Initialize Kalman Filter

The equations for the Kalman Filter are depicted in the lecture slides, and several key parameters need to be identified to set up the filter effectively. These include the matrices A, B and C for constructing the state space equation, as well as the noise matrices Sigma U and Sigma Z.

• Matrix A: This is the state transition matrix, which models how the system transitions from one state to another.
• Matrix B: This is the control input matrix, which models the influence of control inputs on the state.
• Matrix C: This is the observation matrix, which models how the state is mapped to the observed measurements.
• Noise Matrix Sigma u: This represents the process noise covariance, capturing the uncertainty in the system dynamics.
• Noise Matrix Sigma z: This represents the measurement noise covariance, capturing the uncertainty in the observations.
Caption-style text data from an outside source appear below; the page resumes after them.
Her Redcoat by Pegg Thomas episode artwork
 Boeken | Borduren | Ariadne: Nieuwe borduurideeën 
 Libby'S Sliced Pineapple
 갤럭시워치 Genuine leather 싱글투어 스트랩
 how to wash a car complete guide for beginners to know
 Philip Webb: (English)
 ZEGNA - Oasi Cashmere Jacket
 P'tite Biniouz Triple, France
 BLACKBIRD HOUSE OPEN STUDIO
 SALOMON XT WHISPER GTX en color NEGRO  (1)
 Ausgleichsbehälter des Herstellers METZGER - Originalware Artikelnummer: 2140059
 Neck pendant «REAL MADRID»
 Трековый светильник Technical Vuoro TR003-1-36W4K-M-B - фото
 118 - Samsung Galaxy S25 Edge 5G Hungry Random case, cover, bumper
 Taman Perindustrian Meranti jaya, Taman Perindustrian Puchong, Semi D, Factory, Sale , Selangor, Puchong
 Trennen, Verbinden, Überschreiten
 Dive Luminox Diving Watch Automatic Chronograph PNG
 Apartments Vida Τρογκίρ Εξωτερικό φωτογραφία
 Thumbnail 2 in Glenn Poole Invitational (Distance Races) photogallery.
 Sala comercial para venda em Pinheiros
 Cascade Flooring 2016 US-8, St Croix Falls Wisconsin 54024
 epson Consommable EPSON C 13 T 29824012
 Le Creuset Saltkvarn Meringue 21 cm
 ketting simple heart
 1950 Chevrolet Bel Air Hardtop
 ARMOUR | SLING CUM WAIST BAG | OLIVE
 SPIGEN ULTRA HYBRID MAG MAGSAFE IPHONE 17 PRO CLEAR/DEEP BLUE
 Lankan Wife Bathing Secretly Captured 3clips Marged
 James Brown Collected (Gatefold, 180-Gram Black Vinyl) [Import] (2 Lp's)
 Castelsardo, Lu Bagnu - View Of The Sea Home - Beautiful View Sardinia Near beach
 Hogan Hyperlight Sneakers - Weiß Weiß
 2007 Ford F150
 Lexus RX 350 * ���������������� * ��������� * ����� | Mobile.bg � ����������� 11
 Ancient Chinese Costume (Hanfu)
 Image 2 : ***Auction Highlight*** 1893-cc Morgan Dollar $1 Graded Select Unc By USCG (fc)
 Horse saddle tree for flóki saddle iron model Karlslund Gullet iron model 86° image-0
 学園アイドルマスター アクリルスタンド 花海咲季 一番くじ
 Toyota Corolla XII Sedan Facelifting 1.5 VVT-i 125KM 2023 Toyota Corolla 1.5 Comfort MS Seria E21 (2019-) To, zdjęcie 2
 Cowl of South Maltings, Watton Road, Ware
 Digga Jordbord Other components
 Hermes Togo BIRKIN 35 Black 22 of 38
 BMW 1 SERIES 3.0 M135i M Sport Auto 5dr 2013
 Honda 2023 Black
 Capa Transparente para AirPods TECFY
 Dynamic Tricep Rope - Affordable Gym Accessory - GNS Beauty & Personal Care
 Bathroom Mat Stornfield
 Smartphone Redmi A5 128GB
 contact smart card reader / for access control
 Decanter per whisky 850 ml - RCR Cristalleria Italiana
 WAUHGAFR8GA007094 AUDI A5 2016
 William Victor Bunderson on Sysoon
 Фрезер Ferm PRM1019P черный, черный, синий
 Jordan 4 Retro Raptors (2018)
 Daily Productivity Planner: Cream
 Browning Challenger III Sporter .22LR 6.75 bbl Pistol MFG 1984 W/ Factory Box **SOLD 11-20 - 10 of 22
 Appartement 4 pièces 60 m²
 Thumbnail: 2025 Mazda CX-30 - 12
Using these parameters, the Kalman Filter can be systematically implemented to optimally estimate the state of the system based on the noisy measurements and model predictions. This setup enables more accurate and reliable state estimation, improving the system's overall performance in dynamic environments.

Implement Kalman Filter in python

The figures below are all result I get.

Kalman Filter with faster frequency

I have also modified the sampling rate to enable the Kalman Filter to operate at a higher frequency. Consequently, with delta T equals 20 ms, the prediction step is used to estimate the state of the car between readings. This prediction step is analogous to the linear extrapolation step from Lab 6, but it is implemented using the Kalman Filter's prediction mechanism instead, providing a more refined and accurate state estimation.

Implementation on Robot

By implementing the model described above in the robot, we can achieve a faster controller. If the Time-of-Flight (ToF) sensor data is not available, I set the d_tof variable to -100, indicating its unavailability. In this case, the Kalman Filter will perform the prediction step only, allowing us to still estimate the distance and generate a motor input value. When the sensor data becomes available, both the prediction and update steps of the Kalman Filter will be executed. Here is the Kalman Filter function in Arduino. I encountered an overflow issue when using the Invert() function for the matrix calculation C*sigma_p*~C+sig_z. To resolve this, I chose to take the reciprocal first, since it was a 1x1 matrix, and then convert it back to a matrix:

void
    kalmanfilter()
    {
        // previous state
        state(0)=-1*datas_tof[index_tof-1].d_kf;//x=-d
        state(1)=datas_tof[index_tof-1].v_kf;//v
    
        int u_prev;//control
        Matrix<1,1> u={datas_tof[index_tof-1].motor_input/SPEED_BASE};//normalize
        Matrix<1,1> Y={datas_tof[index_tof].d_tof};//current measurement
        
        //prediction
        Matrix<2,1> mu_p;
        Matrix<2,2> sigma_p;
        mu_p=Ad*state+Bd*u;
        sigma_p=Ad*sigma*~Ad + sig_u;
    
        if(Y(0)>0){//tof distance avaiable, update
            Matrix<2,1> kf_gain;
            Matrix<1,1> S,S_inv;
            S=C*sigma_p*~C+sig_z;
            S_inv(0)=1/S(0);
            kf_gain=sigma_p*~C*S_inv;
            state=mu_p+kf_gain*(Y-C*mu_p);
            sigma=(I-kf_gain*C)*sigma_p;
        }
        else{// no measurement, no update
            state=mu_p;
            sigma=sigma_p;
        }
        // record datas
        datas_tof[index_tof].d_kf=state(0)*-1;
        datas_tof[index_tof].v_kf=state(1);
    }
    

Conclusion

This lab aims to understand the performance of the Kalman Filter and assess its effectiveness, which is crucial for improving navigation and predicting recorded data. By implementing the Kalman Filter in a real-world robotic system, we can evaluate how well it integrates noisy sensor data to provide accurate state estimations. This process not only enhances the robot's navigation capabilities by offering more precise distance and position estimates but also improves its ability to predict future states based on past and current observations. The insights gained from this lab will demonstrate the practical benefits of the Kalman Filter in dynamic environments, showcasing its utility in tasks that require reliable data integration and real-time decision-making.